The Yale Koerner Center is pleased to highlight the publication of Henry James Comes Home by Peter Brooks, released by the New York Review of Books. In this work, Professor Brooks revisits Henry James’s ten-month journey across the United States in 1904—a trip the novelist undertook after more than twenty years abroad. Confronting a dramatically transformed America, James sought to reconnect with a homeland that had become, in his view, central to the world’s future yet markedly changed in character.

Professor Brooks focuses on this pivotal journey and the resulting book, The American Scene, blending biography and literary criticism to retrace James’s observations as he traveled through the country, all the way to the Pacific Northwest. The work offers insight into James’s complex relationship with his native country, as well as his reflections on materialism, democracy, and identity in the early twentieth century.

Henry James Comes Home serves as a companion to Professor Brooks’s earlier volume, Henry James Goes to Paris, and contributes to ongoing discussions of James’s enduring relevance in American literary and cultural history.

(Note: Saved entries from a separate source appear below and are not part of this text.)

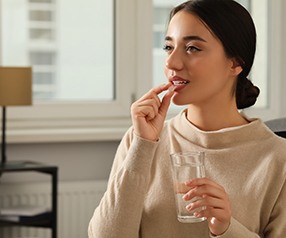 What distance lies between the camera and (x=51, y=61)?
3.86 meters

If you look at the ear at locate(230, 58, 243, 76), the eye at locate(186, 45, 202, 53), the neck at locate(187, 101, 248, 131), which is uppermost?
the eye at locate(186, 45, 202, 53)

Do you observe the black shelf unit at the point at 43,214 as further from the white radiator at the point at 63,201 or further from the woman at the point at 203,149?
Answer: the woman at the point at 203,149

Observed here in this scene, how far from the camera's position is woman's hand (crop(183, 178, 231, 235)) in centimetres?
151

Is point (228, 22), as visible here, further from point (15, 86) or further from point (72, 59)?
point (72, 59)

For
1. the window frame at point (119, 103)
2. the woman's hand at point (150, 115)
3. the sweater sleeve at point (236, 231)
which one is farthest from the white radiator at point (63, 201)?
the sweater sleeve at point (236, 231)

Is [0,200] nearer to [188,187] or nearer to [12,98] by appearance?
[12,98]

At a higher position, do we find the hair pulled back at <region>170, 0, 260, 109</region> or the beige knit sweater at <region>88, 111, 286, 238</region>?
the hair pulled back at <region>170, 0, 260, 109</region>

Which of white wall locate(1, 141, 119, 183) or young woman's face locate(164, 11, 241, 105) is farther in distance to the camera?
white wall locate(1, 141, 119, 183)

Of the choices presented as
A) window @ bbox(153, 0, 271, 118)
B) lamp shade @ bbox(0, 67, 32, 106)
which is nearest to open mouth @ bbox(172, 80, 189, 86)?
lamp shade @ bbox(0, 67, 32, 106)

Profssor Brooks is a Sterling Professor Emeritus of Comparative Literature at Yale University, where he was the founding director of the Whitney Humanities Center. He taught also at the University of Virginia and Princeton, and as a visitor at Oxford, the University of Bologna, and the University of Copenhagen. He has published on narrative, psychoanalysis, and law, largely in nineteenth- and twentieth-century literature; in addition, he is author of two novels, World Elsewhere and The Emperor’s Body. His critical books include The Melodramatic Imagination, Reading for the Plot, Troubling Confessions, Realist Vision, Henry James Goes to Paris, Enigmas of Identity, Flaubert in the Ruins of Paris, Balzac’s Lives, and Seduced by Story: The Use and Abuse of Narrative.